[Math] Normalization for Chi square test

probability distributionsstatistical-inferencestatistics

The formula for the Chi-Square test statistic is the following:

$\chi^2 = \sum_{i=1}^{n} \frac{(O_i – E_i)^2}{E_i}$

where O – is observed data, and E – is expected.

I'm curious why it depends on the absolute values? For example, if we change the units we're measuring we'll get a different statistics. Suppose we're performing a test on apple weights. One of the samples weights 165 gram, and we expect it to be 182 gram, then the part of the formula will be:

$\frac{(165 – 182)^2}{182} \sim 1.58791$

http://en.wikipedia.org/wiki/Pearson's_chi-squared_test

Now suppose we're living in a country where the precision is on the top. We use milligrams for everything and we get the same results in different units: 165000 milligrams and 182000, respectively. The statistic:

$\frac{(165000 – 182000)^2}{182000} \sim 1587.91$

So our conclusion will be different based on the units we used. Why? What am I missing and why the values are not normalized in the Chi-squared test?

Best Answer

In the version of this test that I am familiar with, individual data is categorical, not quantitative like your examples. And the expected and observed values should be frequencies of some category (a count of how many times it occurs), not some individual's quantitative measurement. The numbers that go in to the $E_i$ and $O_i$ positions are unitless, as they are just counts.

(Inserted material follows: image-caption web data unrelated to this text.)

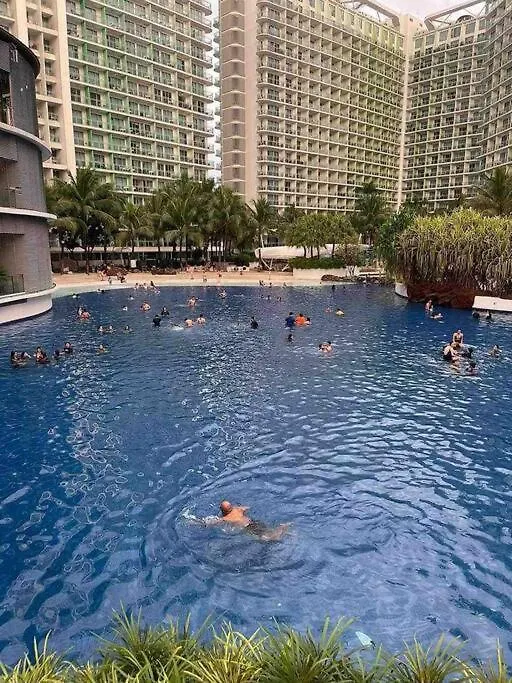 Cozy Nest At Azure Residences Manila 0*,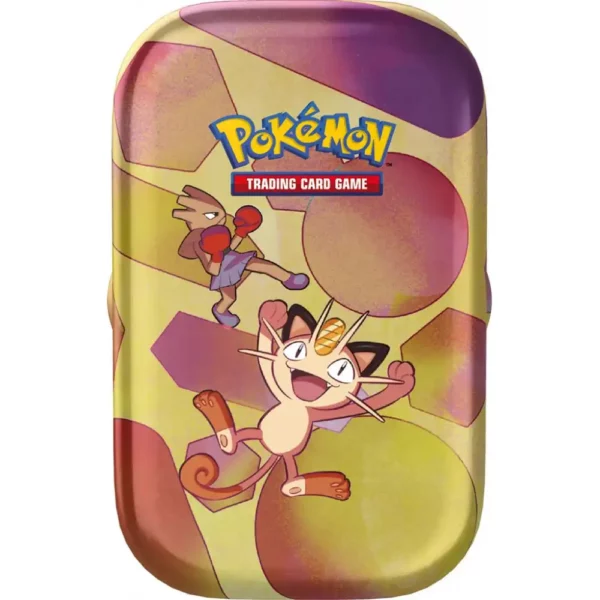 Mini Tin Pokémon 151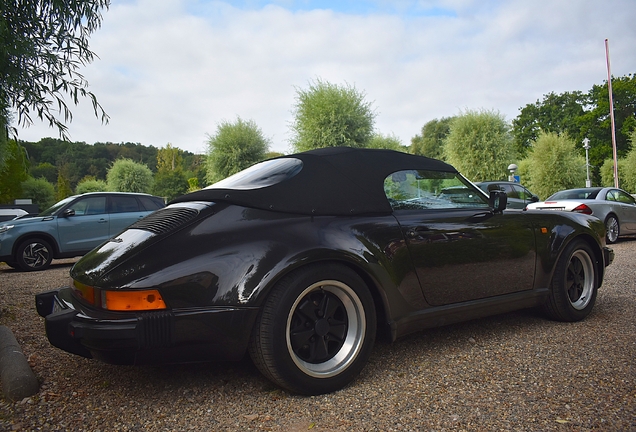 Porsche 930 Speedster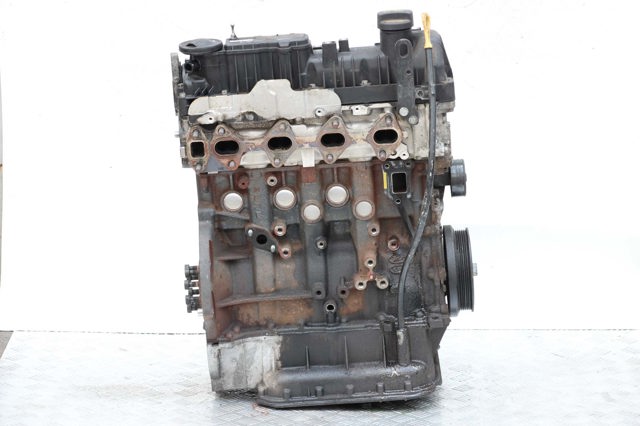 Мотор в зборі D4HA HYUNDAI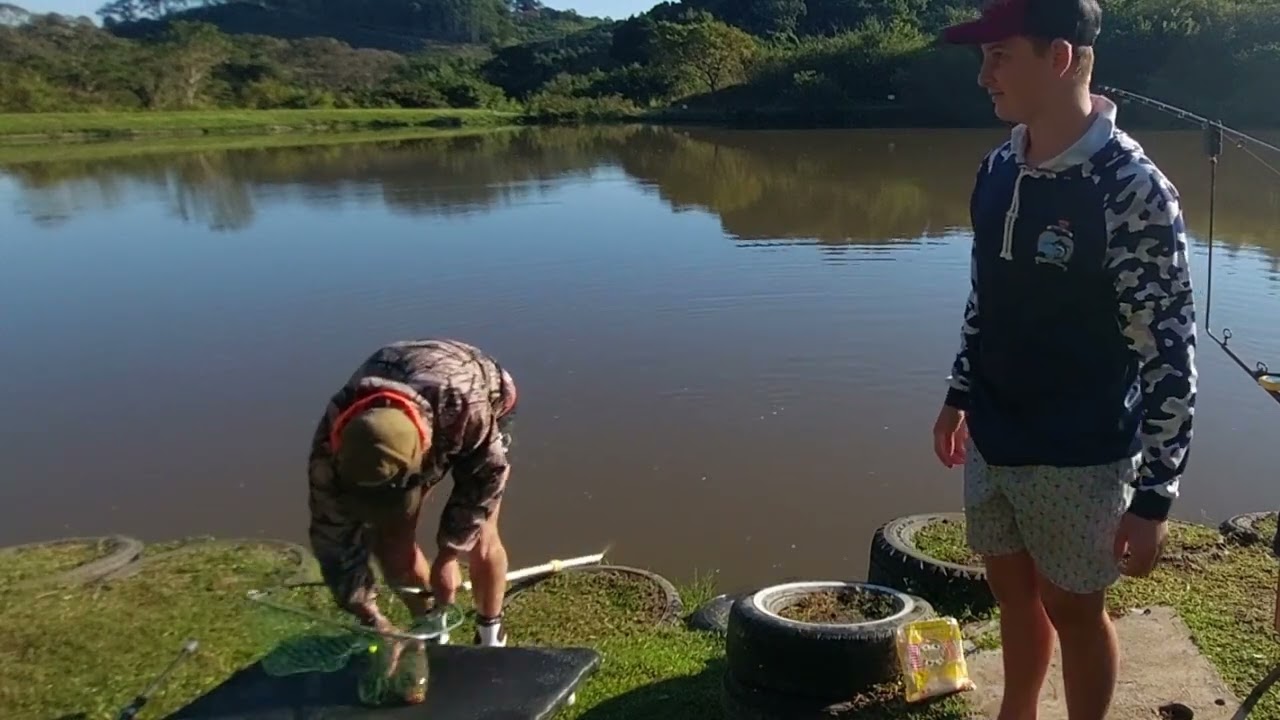96. The best carp baits in South Africa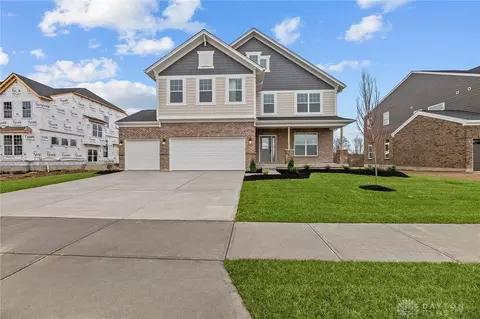 9046 Sorrento Pl #010, Washington Township, OH 45458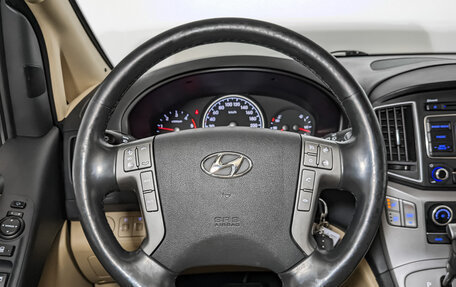 Hyundai H-1 II рестайлинг, 2019 год, 3 200 000 рублей, 21 фотография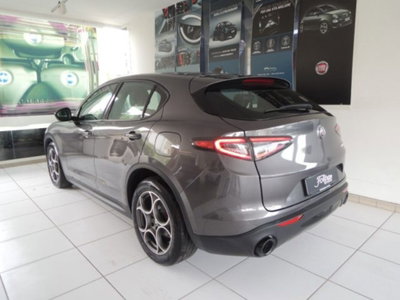 Alfa Romeo Stelvio Stelvio 2.2 Turbodiesel 160 CV AT8 RWD Sprint (4)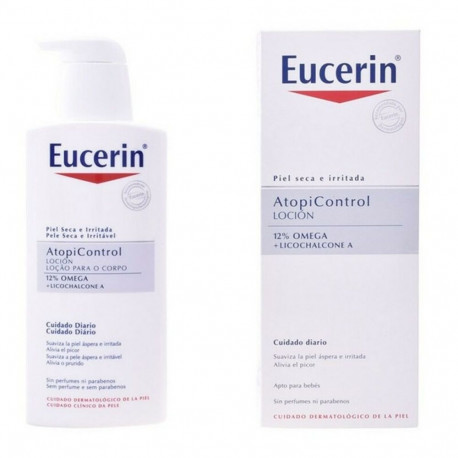 Calming Lotion Eucerin Atopicontrol (400 ml)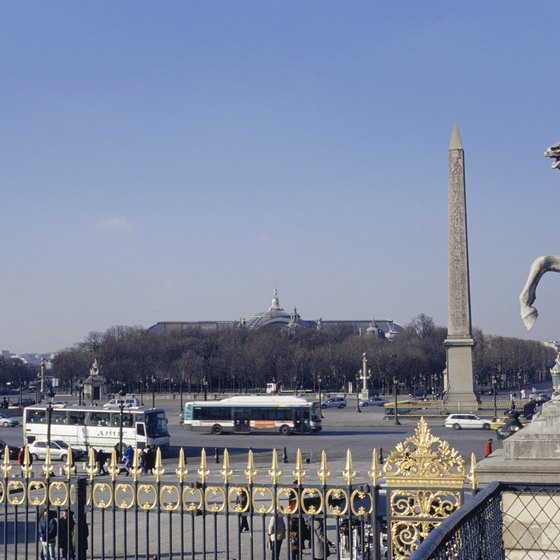 River cruises offer a fresh perspective on Paris landmarks.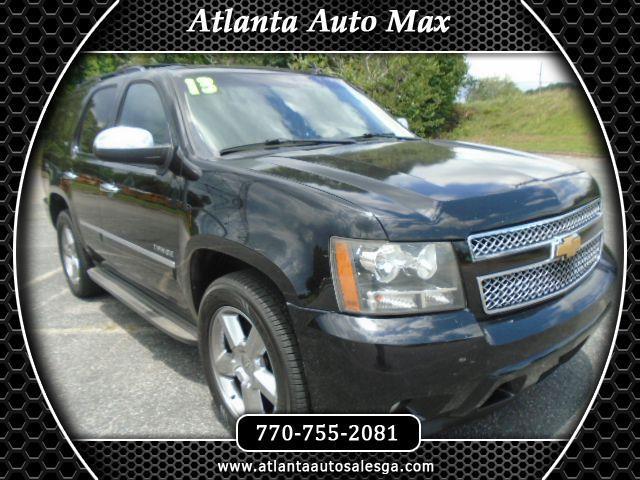 2013 Chevrolet Tahoe LTZ 2WD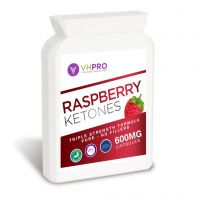 Pure Raspberry Ketones 600mg Vegetarian HPMC capsules diet weightloss pills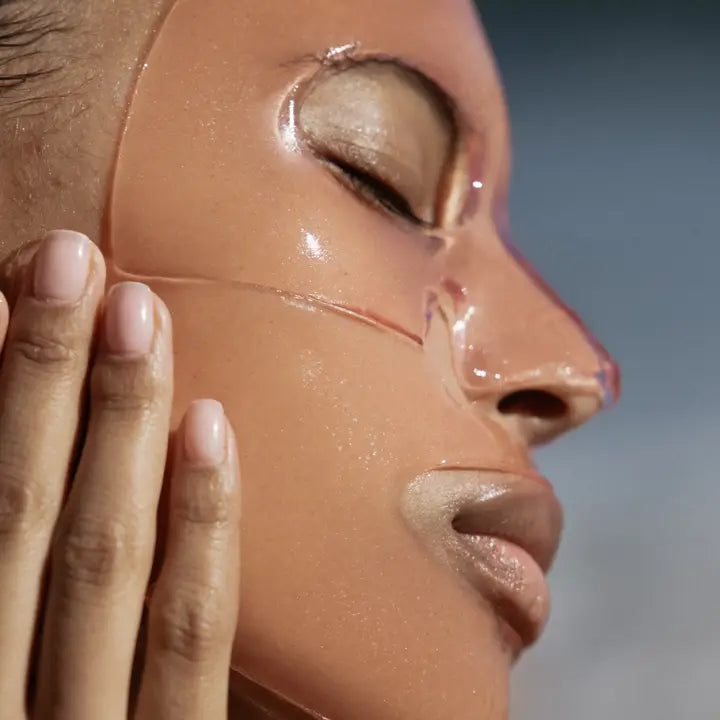 Ametta Redness Reducing Collagen Mask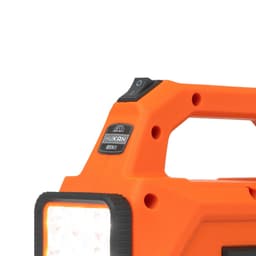 Thân đế chuyển đổi nguồn điện G1-BCN220, Chuyển 21v lên 220v, Đèn Led siêu sáng, Chân pin phổ thông 3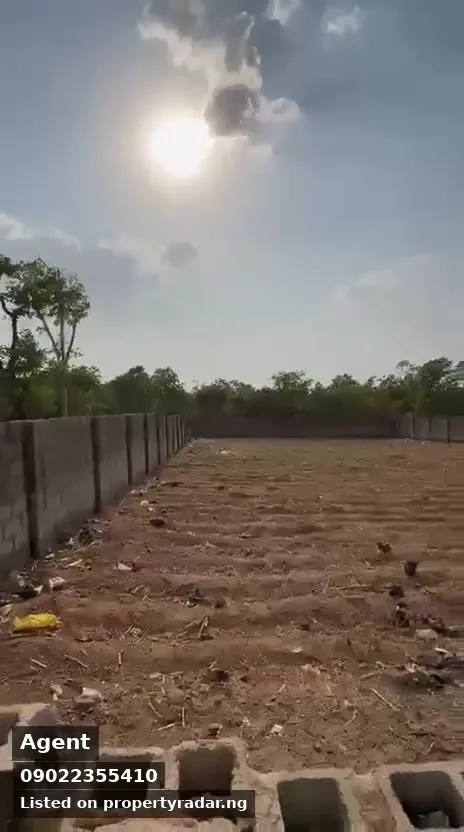 Land In Gaduwa For Sale in Abuja (FCT)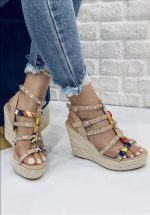 PLATFORMS SANDAL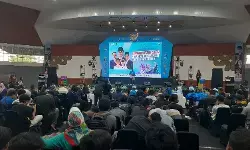 Ribuan peserta ikuti turnamen e-sport piala menteri desa & bupati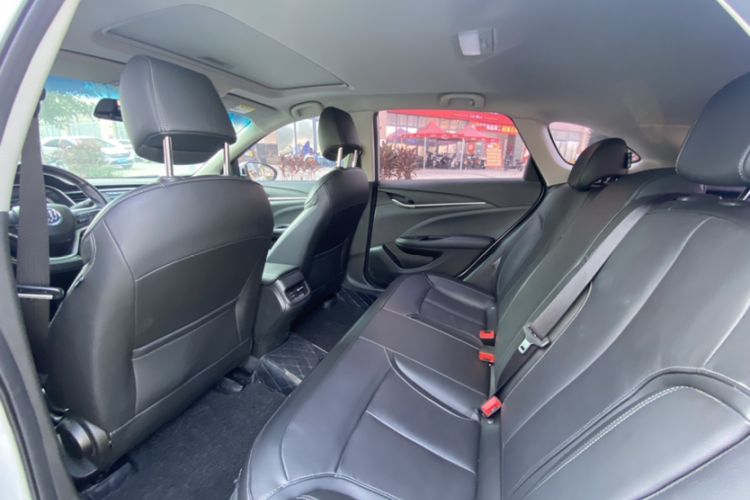 Used Buick Excelle GX 2018 18T Automatic Elite Model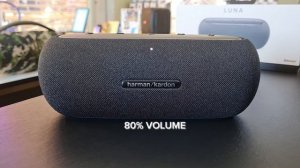 Harman Kardon Luna - Unbox, first look, sound test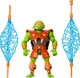 Figurka Mattel Masters of the Universe Turtles of Grayskull – Michelangelo 14 cm JBN02 (0194735264322) - obraz 2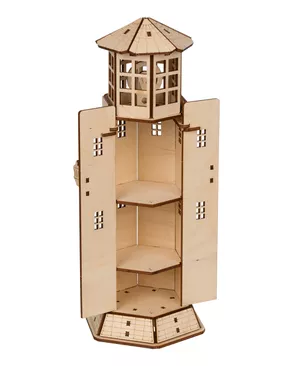 "REZARK" MRZ-03 Серия "Маяки" фанера арт. ГММ-107286-1-ГММ081396247244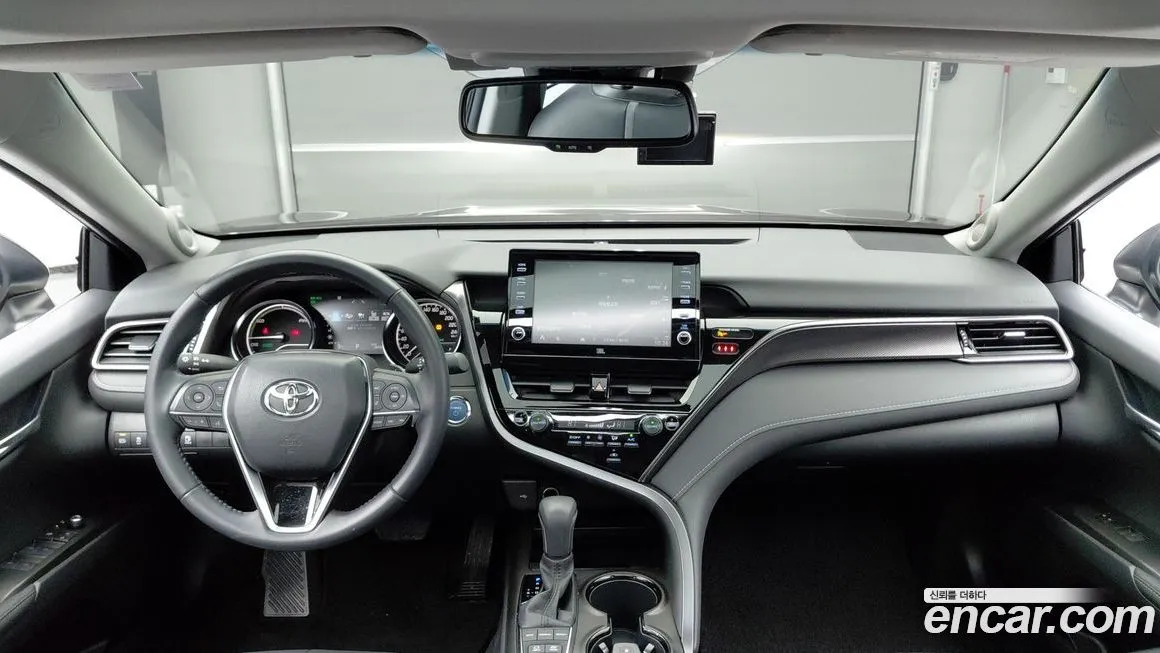 Toyota Camry 2022 из KR, фото 7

So for example, in a box with mixed fruit, maybe 12 pieces were bananas, but you were expecting 15 to be bananas. You will have the term $$\frac{(12-15)^2}{15}$$ and there is no way to rescale units as you did. Writing $$\frac{(12000-15000)^2}{15000}$$ would correspond to a very different scenario. There you would have seen 12000 bananas when you were expecting 15000. And the corresponding $P$ value should be a lot smaller, because it should be a lot less likely to be off by 3000 out of 15000 than 3 out of 15, when you consider the variance from one piece of fruit to the next on its chances to be a banana. So $\chi^2$ should be a lot larger in the latter case.